According to Rosenberg, the classic teaching is for a business strategy to be formed first and then supplement with technology. However, there are times where business strategies cannot be defined, or governance keeps them from being defined. This is where the use of technology can help constrain, shape, and direct the strategy. An example of this is in EHR implementations. After constructing workflows, the EHR was built to support it.
There is an appetite for approaching healthcare with new digital tools in the transition from an analog way of business. According to Rosenberg, the goal is to consistently shift from the inefficient to a more patient-centric, humane, and less expensive pursuit of healthcare.
"Healthcare is really complicated, very heterogeneous. And one thing that you think of that might be healthcare is very different for someone else. I am much less worried that our directions are being dictated by new technologies or somehow technologies are leading the way," he said.
Rosenberg believes that through technology, significant shifts in healthcare will take place.
Even with the innovation spurred by the pandemic, healthcare must still follow the money, according to Rosenberg. While virtual care satisfies patients, the locus of care still needs to be where payers pay them to provide care, he explained.
"I think we're going to see more virtual care, but I don't think we're necessarily going to see the kind of expansion of virtual care that we saw at the peak of the pandemic," he said.
Historically, telehealth has been successful in areas with capitation reimbursements and specific areas of care like mental health.
"One of the things that will emerge out of our discussions around COVID will be this enormous amount of recognition for the burden of mental health and the successful ability to provide those services remotely or virtually in some ways," he said.
Rosenberg explained a key driver for continued remote solutions is the challenge of getting specialty care in remote areas. Additionally, many patients love the accessibility of seeing a physician without a commute to the health system. Especially in capitation or bundled payment methods, these are natural areas that will expand, with the COVID-19 pandemic as the catalyst.

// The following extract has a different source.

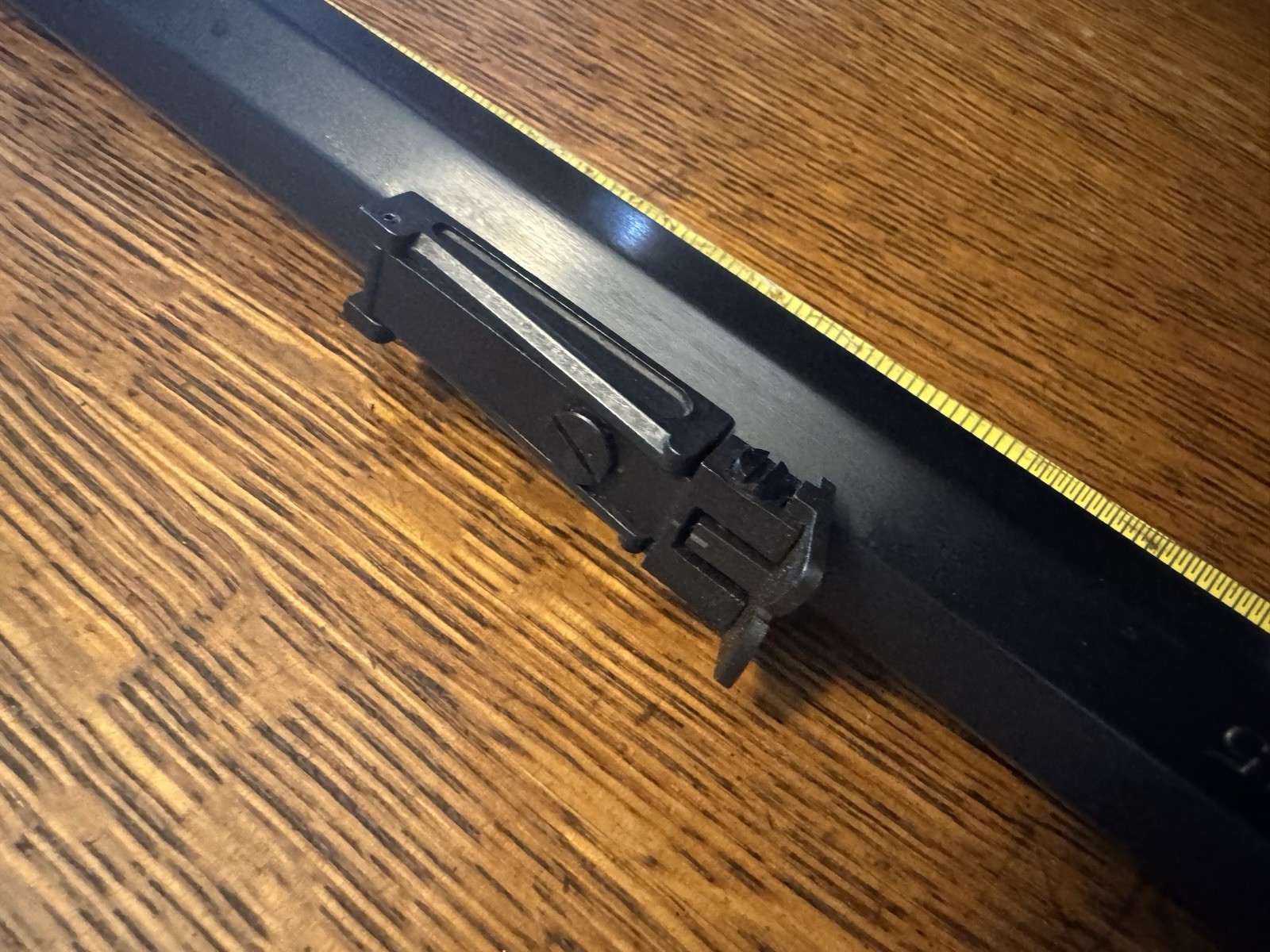Thompson Center 45 Cal Hawken Barrel Muzzleloader TC #9440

According to Rosenberg, the push from the ONC and CMS to encourage providers, payers, and third parties for 21st Century Cures will benefit everyone. He believes that it is less about information blocking and more about interoperability and availability of information. Remote care will be a catalyst for data, especially with open APIs and web services, for innovation to occur.
There is one concern to interoperability, according to Rosenberg. It is crucial to progress carefully and responsibly before opening large data portals. This is because the typical person does not understand the depth of their medical data.

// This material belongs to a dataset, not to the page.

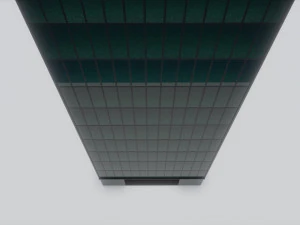 office building 3D Model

"They seek a trusted professional to help them with their cherished, really important, healthcare data," he said.
For this reason, Rosenberg is trends conservative in the process, but he fully supports the intention of interoperability.
Price transparency makes a difference when it comes to elastic services. For these types of services, patients will most often go to the provider charging the lowest amount, he explained. In comparison, transparency will be outweighed by the convenience of proximity for time-sensitive medical needs.

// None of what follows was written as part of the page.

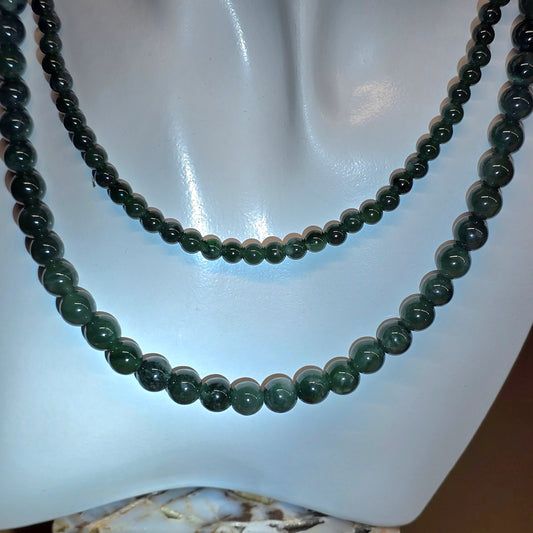 Jedi Jade Necklaces (set of 2)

"When I have a broken arm, or I have a gash in my child's head, I'm going to go to the nearest place. And if they're going to charge me double, I'm just going to pay it," he explained.
There has been a significant movement to storage on-premise instead of moving every service onto the cloud. Overall, according to Rosenberg, the cloud is driven by business continuity, data centers, applications, and cybersecurity.
Recently, organizations have spent millions of dollars replacing infrastructure to run EHR, which will change in the next five to eight years. According to Rosenberg, he thinks of it as circular and attempts to incise it with new things. He considered the overall application and infrastructure strategies.